12. This presented the judge with great problems as to the credibility of Mr Knapman and his case. The judge summarised the whole history of his deception: he lied to his employers, to Dr Rogers, to Mr Thomas, to the court in these proceedings, including answering interrogatories, to Mr Evans, to Mr Bulman (his own expert medical witness) and in his various affidavits to the court. The judge concluded:
"I have to say that unusually in cases of this sort I am unable to accept a single word said by Mr Knapman. He is an inveterate liar and wholly unaffected by taking the oath. Secondly, to the extent that the consultants on both sides have based any opinion on the history as recounted by Mr Knapman, then in my judgment those opinions are based upon an unsure and uncertain foundation. I am unable therefore to agree with Mr Bulman, who says that his opinion was not changed despite his presence in court during Mr Naish's illuminating cross-examination of Mr Knapman. Indeed, the view I formed was that in some cases Mr Bulman was almost an apologist for Mr Knapman, making forensic points ... In my judgment, Mr Evans was more objective than Mr Bulman and where the two differ I prefer the evidence of Mr Evans."
13. The judge's findings on credibility are unassailable, and we must take the primary facts as found by him. There are two live issues in this appeal: first, prospective loss of earnings; and second, handicap in the labour market.
14. The prospective loss of earnings claim is put on the basis of his being unable and remaining unfit to drive an HGV (the only basis it could be put on, as Mr Knapman has shown, by the unbroken sequence of agricultural jobs he has had over the last five years, that he is fit for most things). The question is whether he was, and for how long he has been, fit for HGV driving. The nature of his alleged unfitness is curious. Today's modern HGV is light and easy and comfortable to drive. Those who find the job too difficult usually have trouble with the loading and unloading, the securing of loads and the climbing up and down into the cab. The abattoir work showed that, albeit on a sporadic not daily basis, Mr Knapman could do that very heavy work. His trouble, he claimed, was that he could not sit for any length of time, certainly not the 4½ hours that HGV driving would entail. Mr Evans was to tell the court that difficulty in lifting and sitting almost always went together. He said he was "... a little surprised ..." by the alleged difficulty in sitting. Accordingly, the defendants alleged that Mr Knapman's loss of claim (based on his not being fit to drive an HGV) ended on 21st July 1994 - being his first day doing the heavy bending, lifting and twisting work at the abattoir. Their case was that from that day he was fit to drive.
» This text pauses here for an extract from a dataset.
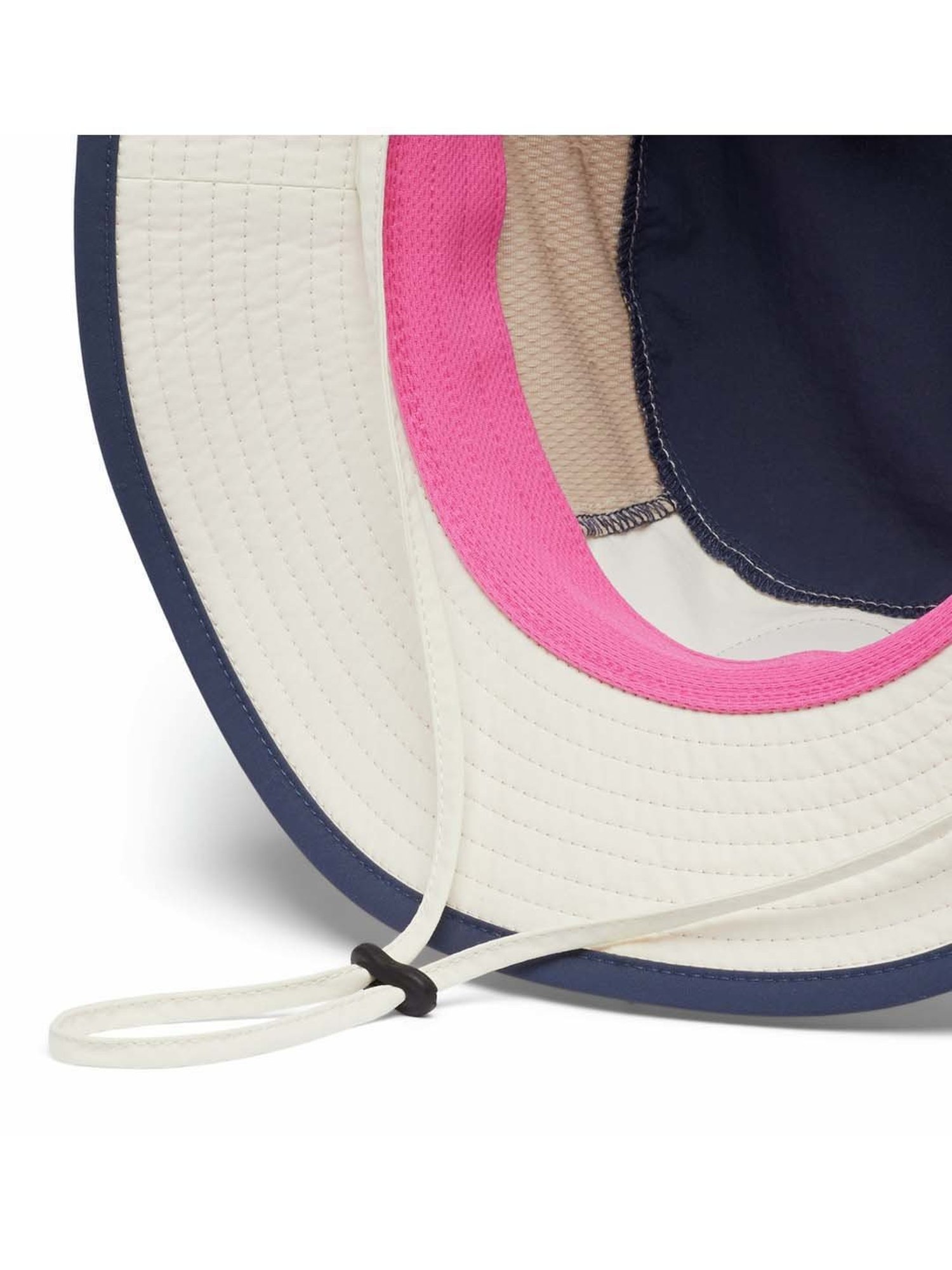 Columbia Bora Bora Multicolor Color Block Boater - Small/Medium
15. The judge did not agree. His reasoning was clear. There was effectively no evidence that Mr Knapman had had any trouble with his back before the accident. The doctors were agreed on that. They were also agreed that he had had trouble with his back since. Though a liar, the medical evidence did not suggest that he was a malingerer. Having comprehensively found that he did not accept a word that Mr Knapman said, the judge then continued:
"That of course is not the end of the claim by any means for there is before the court other evidence not emanating from the claimant upon which the court can act. It is agreed that the claimant did suffer a lower back, soft tissue injury which produced symptoms over a period of time which resulted in him having physiotherapy, which required him to be examined under an MRI scan, and that was sufficiently severe for him to be referred to a pain clinic. The records show that he visited his general practitioner on and off about back pain until about February 1997, by which time he has been working at the piggery for some two years. The view that I have formed from that evidence is that so long as the claimant was going to see his general practitioner, in the course of which he was referred to a consultant orthopaedic surgeon, Mr Thomas, it is likely that during that period he would have been unable to drive a heavy goods vehicle. However, I am not persuaded that that was the case thereafter. It is true there may be, probably are, continuing mild symptoms which may continue indefinitely and which may on occasion flare up. That is based on the evidence of Mr Bulman. But in my judgment, those continuing symptoms and occasional flare-ups would be unlikely to prevent him from driving a heavy goods vehicle."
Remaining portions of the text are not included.